Lastly, user retention and average quantity sold don't cover the full picture of the store's success. Sales is needed as well because people could be buying less but more expensive items and vice versa. The process for the cohort analysis is the same across all 3 of the cohort analyses.

In [16]:
df['Sales'] = df['Quantity'] * df['UnitPrice']

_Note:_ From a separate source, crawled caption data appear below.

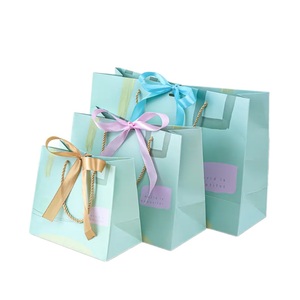 ถุงช้อปปิ้งกระดาษสุดหรูพร้อมโลโก้ตามสั่งสำหรับร้านเครื่องแต่งกายของขวัญกิจกรรมและการใช้งานทางธุรกิจ - Product Image 1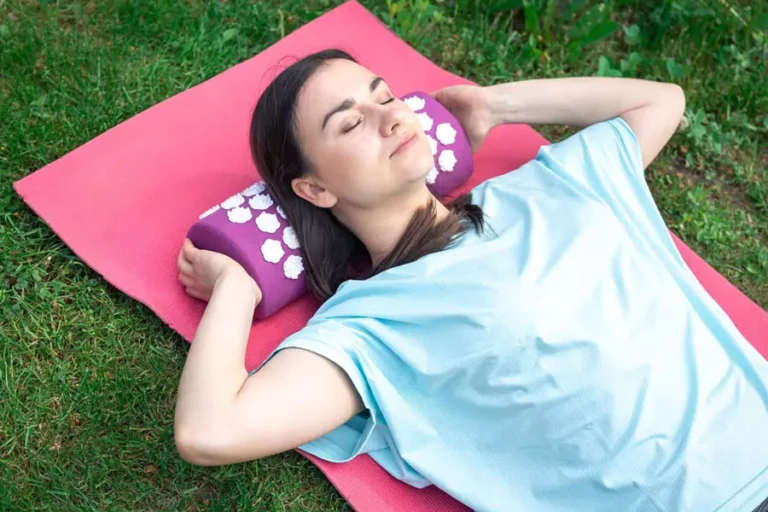 How Acupressure Enhances Relaxation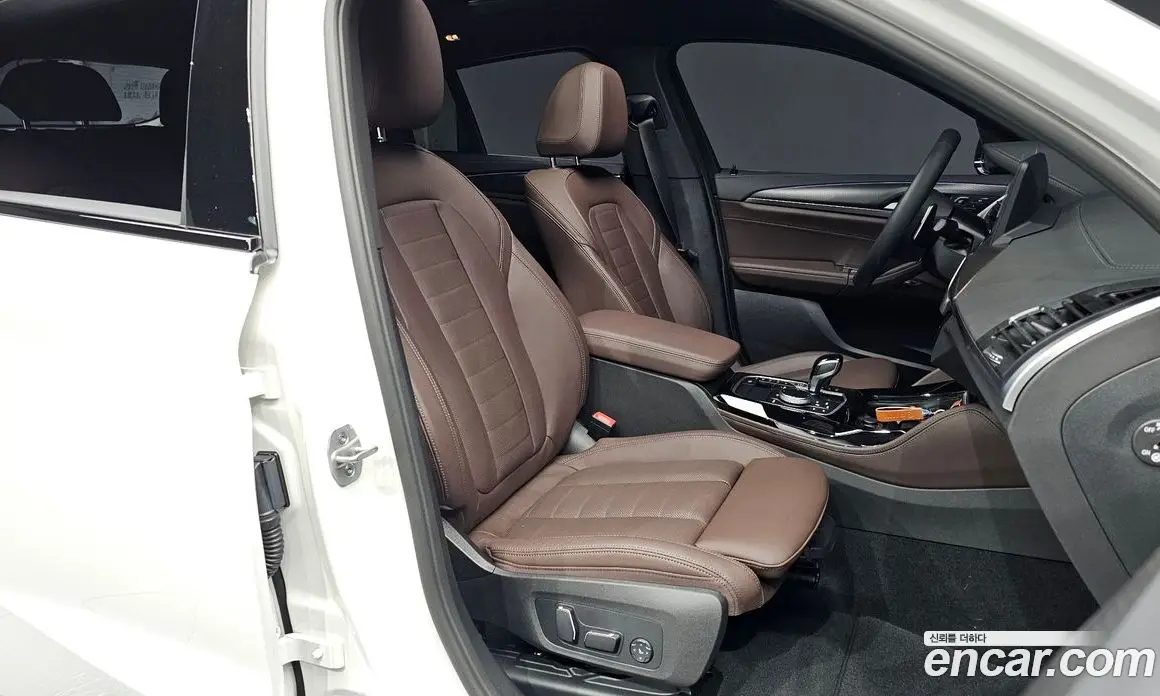 BMW X4 2025 2.0 автомат (гидро), фото 17 BMW X4 2025 2.0 автомат (гидро), фото 17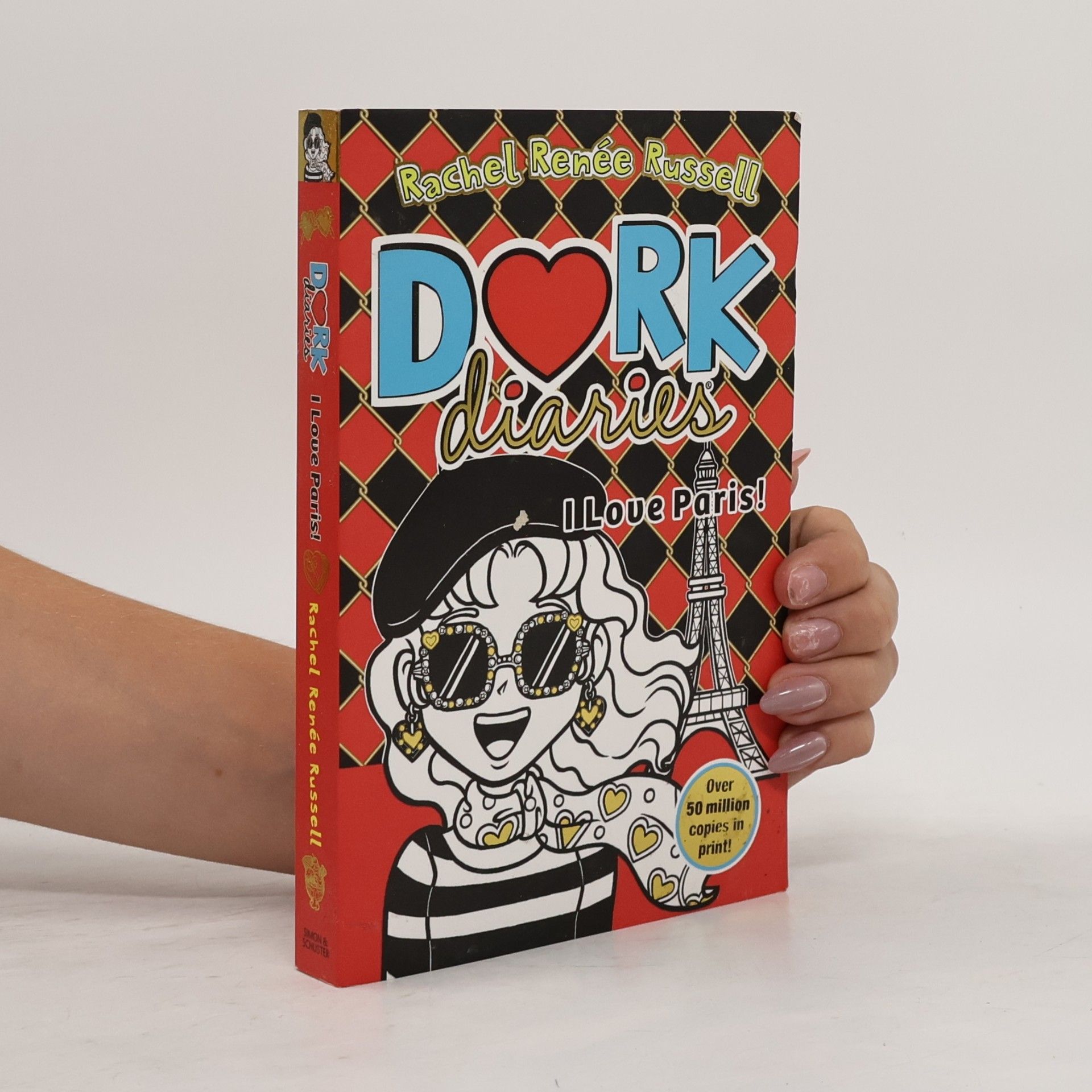Dork Diaries 15: I Love Paris!
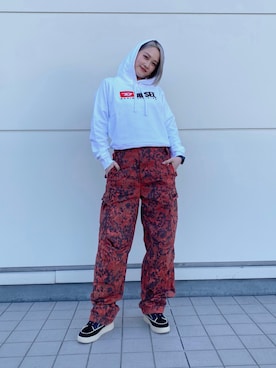 「DIESEL（ディーゼル）のアイテム（カーゴパンツ）」を使った、SaKi.さん（レディース・162cm）の春コーディネート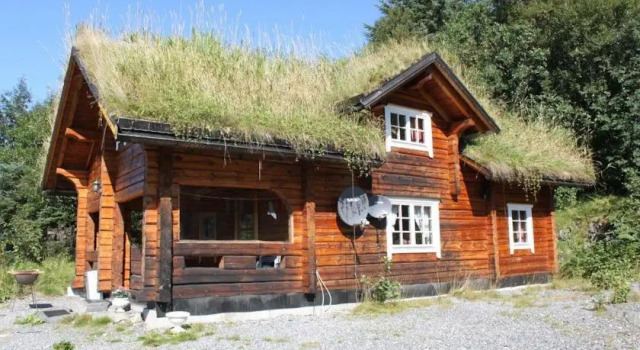 Nipehyttene, Prenota Hotel Urke 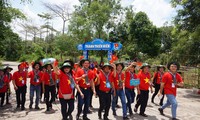 Kaum muda Daerah Dataran Rendah Sungai Mekong dan gerakan laut dan pulau adalah rumah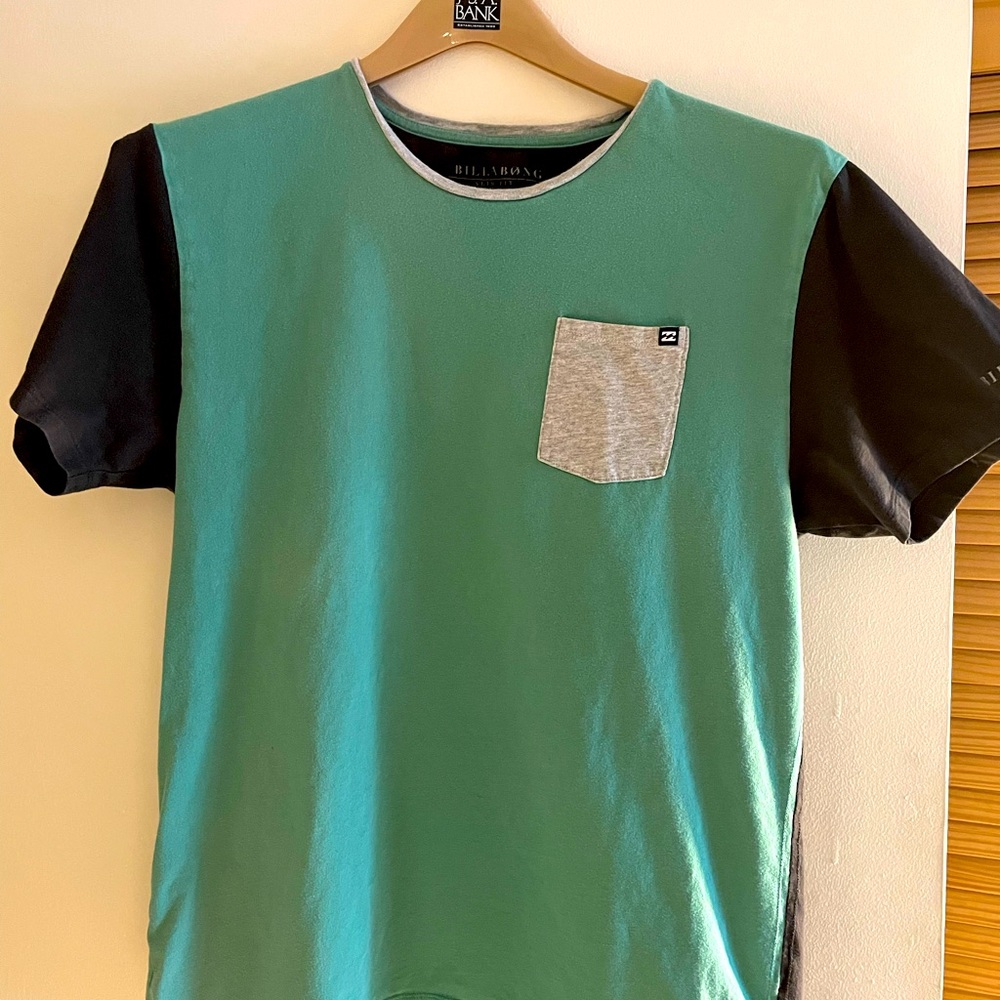 Billabong Men’s Large Slim Fit T-shirt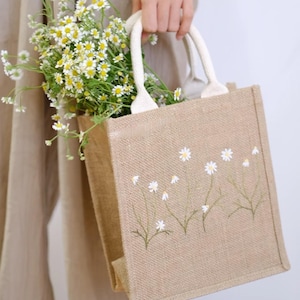 Hand-embroidered linen bag / Embroidered jote bag / Natural Linen Bag / Flower Embroidered Bag / Summer Floral Bag / Gift Bag / Everyday Bag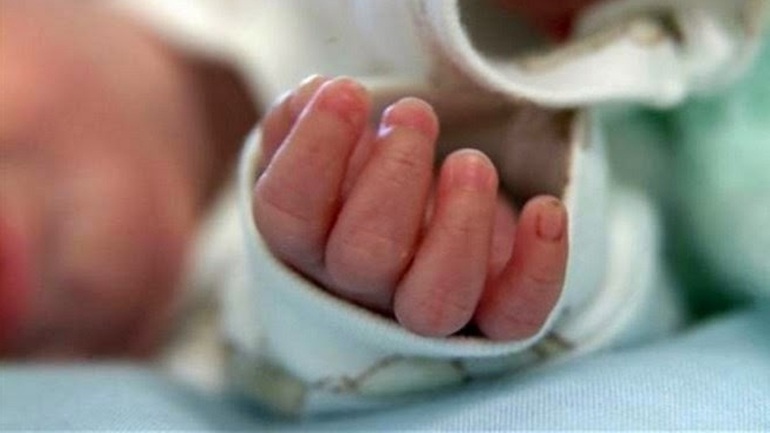 ΣΟΚ: Αλβανίδα ΠΕΤΑΞΕ το νεογέννητο μωρό της στο φωταγωγό στην Κατερίνη - Φωτογραφία 1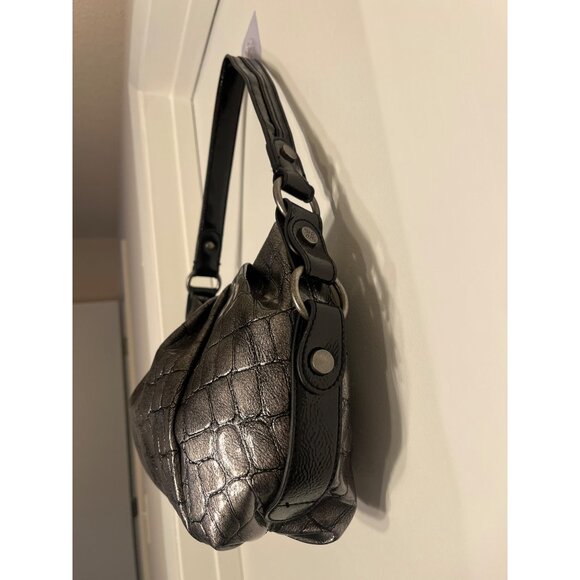 Simply Vera Wang Metallic Croc Embossed Shoulder Bag Black Strap Hobo Purse - Picture 4 of 10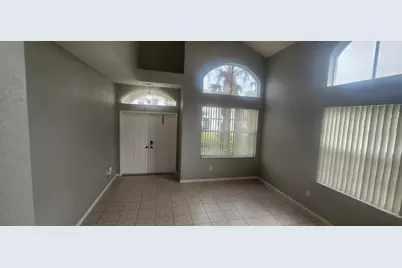 15860 NW 14th Road, Pembroke Pines, FL 33028 - Photo 5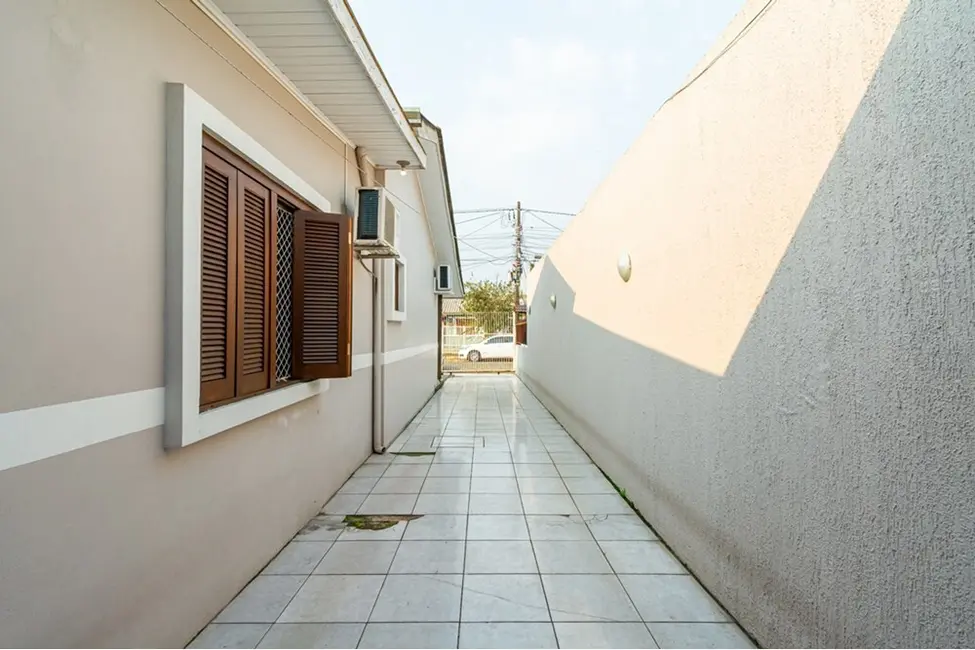 Casa com 2 quartos à venda, 79m2 em São José, Canoas - RS - imagem 4 Foto 4 de Casa com 2 quartos à venda, 79m2 em São José, Canoas - RS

cohort3_df = df.groupby(['CohortMonth', 'CohortIndex'])[
    'Sales'].mean().reset_index()

cohort3_pivot = pd.pivot_table(cohort3_df,
                               index='CohortMonth',
                               columns='CohortIndex',
                               values='Sales')
cohort3_pivot.round(1)
cohort3_pivot
Out[16]:
CohortIndex 0 1 2 3 4 5 6 7 8 9 10 11 12
CohortMonth
2010-12 20.655643 24.962459 25.139521 24.978069 19.909629 25.480250 26.451463 25.372125 25.980501 31.138593 30.557476 22.210825 24.674713
2011-01 18.444190 23.481835 20.268516 17.509983 21.525447 25.403550 24.381424 24.532572 18.719978 20.135516 18.672869 18.395317 NaN
2011-02 17.014267 16.975981 19.337248 18.776552 16.080564 15.117578 21.616925 20.945285 17.467683 20.649679 21.532575 NaN NaN
2011-03 17.032560 17.850609 21.494776 16.957128 19.195390 18.051934 21.674036 17.294151 15.438267 11.423635 NaN NaN NaN
2011-04 16.361236 20.154028 18.757005 18.392671 18.642681 14.201767 14.585959 15.300126 11.849341 NaN NaN NaN NaN
2011-05 19.033800 15.729252 21.209730 19.444446 17.798882 14.051821 16.136639 13.253142 NaN NaN NaN NaN NaN
2011-06 16.370579 14.504100 18.954229 19.778605 14.994626 15.880308 12.742138 NaN NaN NaN NaN NaN NaN
2011-07 13.113629 21.192895 11.378943 12.417094 10.510636 11.448318 NaN NaN NaN NaN NaN NaN NaN
2011-08 16.104983 11.892102 11.511685 14.361514 15.627878 NaN NaN NaN NaN NaN NaN NaN NaN
2011-09 18.372119 10.388075 13.165958 14.041430 NaN NaN NaN NaN NaN NaN NaN NaN NaN
2011-10 13.043500 10.763085 13.538545 NaN NaN NaN NaN NaN NaN NaN NaN NaN NaN
2011-11 11.932739 12.888481 NaN NaN NaN NaN NaN NaN NaN NaN NaN NaN NaN
2011-12 26.884287 NaN NaN NaN NaN NaN NaN NaN NaN NaN NaN NaN NaN
In [17]:
plt.figure(figsize=(12, 10))
plt.title('Average Sales')

sns.heatmap(data=cohort3_pivot,
            annot=True,
            cmap='coolwarm')
Out[17]:
<matplotlib.axes._subplots.AxesSubplot at 0x13058f6fe10>

It seems that the average sales seems to follow the overall trend of quantity. This means that the overall decrease in quantity sold over later cohorts is most likely not due to sold items being more expensive on average.

Conclusion

In this post, I demonstated an application of cohort analysis. It is a simple and effective tool for tracking the behavior of different groups of users. It is also highly versatile as you can look at many different time frames and different metrics for analysis. Overall, it is useful for understanding user behavior better to drive smarter decisions for a given product or service.